I also have that issue with the spring on the throttle cable on the fulcrum disc on the intake manifold. I but the old one on there too and it helped some but it is still not quite strong enough even though it is quite jigglie loose when at the bottom. It currently has one full twist for resistance when it was installed. I could try doing another full turn on it but I think it would just bend the little part that hooks over the fulcrum. The cable is all lubed and slides easily. The issue is just at the bottom of the arc return. Like the spring needs to be re-sprung. Is that common? Any solution?
Another little issue:
My Tach in the roadster reads about 1000 RPM but my shop service tach reads about 750 and it sounds like 750. So I think the roadster tach is off calibration. Any way to adjust the calibration easily?

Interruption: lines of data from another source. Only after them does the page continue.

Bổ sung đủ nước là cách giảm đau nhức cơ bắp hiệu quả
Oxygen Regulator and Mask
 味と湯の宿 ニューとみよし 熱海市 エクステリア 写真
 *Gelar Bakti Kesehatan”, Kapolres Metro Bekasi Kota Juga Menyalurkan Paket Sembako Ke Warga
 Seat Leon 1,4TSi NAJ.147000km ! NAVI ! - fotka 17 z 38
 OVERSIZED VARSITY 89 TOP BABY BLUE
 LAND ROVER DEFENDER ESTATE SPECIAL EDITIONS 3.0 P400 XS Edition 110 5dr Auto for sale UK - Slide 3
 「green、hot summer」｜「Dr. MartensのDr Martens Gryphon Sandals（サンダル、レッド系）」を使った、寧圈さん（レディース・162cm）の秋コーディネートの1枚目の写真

How do I tell, by looking at it, measuring it, or part numbers on it, if the cam in the U20 is stock or not? Where might the part number be (I haven't looked for a number yet)
Hey Ralph -
Like Nissanman says - there is a stamp on the firewall end of the cam. Remove the valve cover and use your phone to take a picture of the end of the cam. The stamps from the factory range from very light and hard to detect, to quite obvious. They will generally have A, B, or in the unlikely event C. A is the stock SU cam. B is the "Solex Kit" cam, and C is the highest performance factory option - I think best run with 44's with big chokes or 50 mm Solex... but I am far from an expert on the C cam. Often reground or aftermarket cams will have additional cryptic stamps on the end of the cam that I don't know how to decipher...
67.5 SRL311 #00050 - Silver - SU
67.5 SRL311 #00544 - Sora Blue SU
68 Roadster Race Car
69 SRL311
69 SRL311
72 PL510
74 260Z - Silver
with regard to the cam type.... as in my case, it says it is an A cam but was reground to a B cam by Deans people/supplier. so then you only know by what the box was marked when you got it and sales receipt said unless they tried to restamp it.
spags1986 wrote:Does anyone know the specs on the idler box Nut? I went to put everything back together and seem like I misplaced the nut!
The easiest thing to do is measure the OD of the male shaft threads, then use pitch gauges to find the pitch. The pitman shaft is an uncommon fine thread. With any luck, someone will have a spare.
Jordan
1968 SPL311-21773. Needs paint and some upholstery.
2012 Xterra Pro-4X, 4" lift on 34's, UCA's, pre-runner bumper. Member of the New England Xterra Off-road club.
1971 PL521, Dragon green. Stock L16 w/ 4 speed, lowered 3".
Carburettor Issue.
Ran out of gas.
Put gas in
Car wouldn't start.
Towed home.
Disconnected fuel line at Carb 1 (C1) - cranked - no gas coming out of fuel line.
Disconnected input fuel line from pump and put it in a gas source (bottle - bypass crud issues) - cranked - no gas at C1
Took top of pump off - no apparent leaks nor holes in diaphragm
Cranked engine - diaphragm moved up and down.
Thorts????
\Thx
Peter Harrison
1970 1600 (Stroker) - TOAD SAN (Eliza)
1970 1600 (Stock) - As Yet Unnamed
Lake Balboa (SFV) , California
There are two one way valves in the FP body: they are identical and are installed opposite to each other.
Aside from a line blockage between pump and carb perhaps the valves are kaput?
Blew them out with bottled air - they seemed to still have spring in them. And weird that this would happen at same time - not a great believed in concidences.
BTW - I think I know, but for certainty - the valve that goes IN to the top is INPUT, whereas the valve that 'sticks' out is OUTPUT, or v.v. Hard to tell from the schematic, and of course I didn't think to take a picture. DUH
Thanks
Pete
Peter Harrison
1970 1600 (Stroker) - TOAD SAN (Eliza)
1970 1600 (Stock) - As Yet Unnamed
Lake Balboa (SFV) , California
Does anyone have a general idea of how much can be taken of the bottom of a U20 head before you start getting detonation due to high compression?
Is .018 going to be problematic with stock pistons/deck hight/timing?